> _What you need to do_:
Would you print the lines below exactly, beginning at the line that has "Anti-PODXL Polyclonal Antibody" and stopping after the line that has "anti-Mannose-6-Phosphate Receptor (Cation"? Only those lines, and no pictures.

> _Supplied material_:
····················

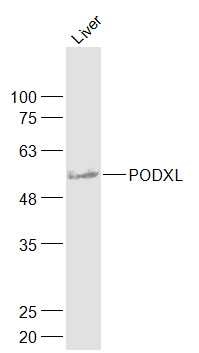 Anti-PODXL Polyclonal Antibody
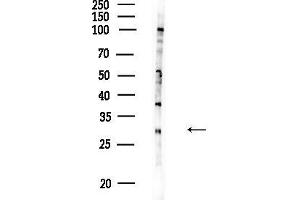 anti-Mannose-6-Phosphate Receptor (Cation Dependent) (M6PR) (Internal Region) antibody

····················

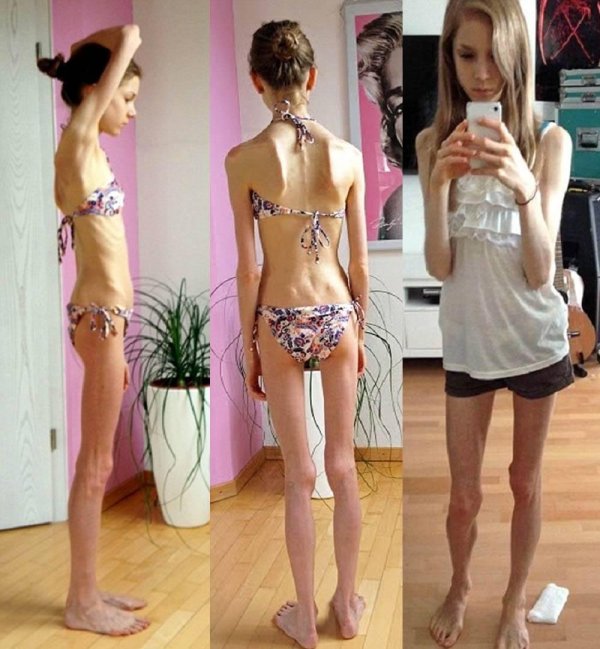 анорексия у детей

····················

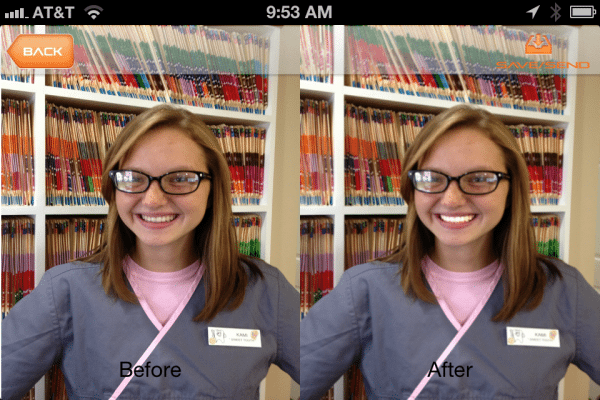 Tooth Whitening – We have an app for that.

····················

> _Final answer_:
 Anti-PODXL Polyclonal Antibody
 anti-Mannose-6-Phosphate Receptor (Cation Dependent) (M6PR) (Internal Region) antibody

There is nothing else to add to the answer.